Almost everyone I frequent in conversation here in the online realm got the chance to see the very creative video highlighting the Web 2.0 Experience. The clip explores Web 2.0, and the nature of many of the elements included within. Rarely do I bog the Zenspace down with Youtube videos, but I think this one is worth the hassle for those who still haven't had the enjoyment:
The video was the work of Michal Welsh, Assistant Professor of Cultural Anthropology at Kansas State University, and it is said to be an example of the work contained in the field of Digital Ethnography. Academic study on things I enjoy like this tend to get more than a raised eyebrow from me, so I took the liberty of trying to figure out what exactly the hell was peaking my interest.
Cropping the digital bit for a moment, the study of Ethnography, is in short, the study of people and writing. Auf Wiki:
The genre of writing that presents varying degrees of qualitative and quantitative descriptions of human social phenomena, based on fieldwork. Ethnography presents the results of a holistic research method founded on the idea that a system's properties cannot necessarily be accurately understood independently of each other. The genre has both formal and historical connections to travel writing and colonial office reports. Several academic traditions, in particular the constructivist and relativist paradigms, claim ethnographic research as a valid research method.
That sounds ... fantastic. Particularly for someone like myself who is so easily interested and open to exploring culture outside my own. I'm like a moth in the streetlight when it comes to being drawn to other cultures. Dances with Wolves, right? Those scenes always get me. The ridiculously stereotypical, "Why do you hate your own people?" I always feel like they want to follow it up with, "They're white ... you know that's better right?"
Wiki goes on to explain how cultural anthropology, sociology, and other fields all rely on ethnographic research. One of the best mentions is how ethnography can include research based on participant observation. From The Digital Ethnography Workgroup:
...because the best way to find out how people make meaning is to go among them and carefully examine what they actually do.
The digital in Digital Ethnography is for the most part self-explanatory. Digital Ethnography applies the same study to situations online, and particularly, the study is growing rapidly because of the advent of Web 2.0. That's not to suggest that the field is just being birthed as we speak however, Digital Ethnography has existed in one form or another since the 1990s, just under a different name: Virtual Ethnography. Auf Wiki again:
Virtual ethnography is a new development in the field of Ethnography. It extends the traditional notions of field and ethnographic study from the observation of co-located, face-to-face interactions, to physically distributed, technologically mediated interactions in virtual networks and virtual communities. In doing so it challenges the traditional notion of a field site as a localized space and moves it into the virtual world of physically distributed interactions.

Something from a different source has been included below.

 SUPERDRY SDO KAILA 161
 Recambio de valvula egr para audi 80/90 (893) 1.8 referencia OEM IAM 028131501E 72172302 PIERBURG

Virtual ethnography attempts to maintain the values of traditional ethnography through providing a "thick" description through the "immersion" of the researcher in the lives of their subjects. This focus on the subject makes virtual ethnography quite distinct from Web usage mining or social network analysis, although it may use similar techniques to identify or map networks.
The key question for virtual ethnography researcher is "how can ethnography be pursued in technologically mediated settings"? Researchers have attempted to create virtual counterparts for many of the basic ethnographic concepts but whether they can appropriately be applied to technologically mediated interaction is still open. For example, if a researcher simply reads some emails or participates in chatrooms, does this represent an ethnography: can the researcher still be said to have immersed themselves in the life of the community?
Mr. Heston, why exactly are you such a staunch supporter of participant observation?
Genuinely awesome all around. I don't know if this is going to steal the spot of my favorite school of academic research (Film and Media Studies are hard to topple), but I can already see how potentially creative Virtual Ethnography could become. Amazon has a couple texts on the subject that I'd like to nab, but resorting to print to cover a topic as dynamic as the Internet seems a little archaic. Some of the most popular texts in Virtual Ethnography were written as far back as 2000, which is almost before the explosion of a full-fledged Web 2.0. This field is one that is sure to provide some difficulty for anyone trying to keep up. I did glance through a nice paper on the topic here: Issues in Virtual Ethnography. From the paper:
A virtual ethnography is one that fully immerses the ethnographer into the consensual reality experienced by groups of people who use computer-mediated communication as their primary, and often only, means of communication. As such, the online or virtual persona of the participants are the main focus of the ethnographer. Generally, researchers have wanted to focus on the person at the keyboard, a virtual ethnography reverses this and works instead with the persona that has been projected into cyberspace by the typist.
Once again: ... cool. The questions that this raises are fantastic! Things like:
Am I (Cody), and I (Zen) actually the same person, or are we two separate entities? It sounds ridiculous, but think of this: Would you always answer a question the same in a physical conversation as you would in an online conversation?
Back to gaming conversation and regular geekery sometime soon, just had to share where my learning quest led me.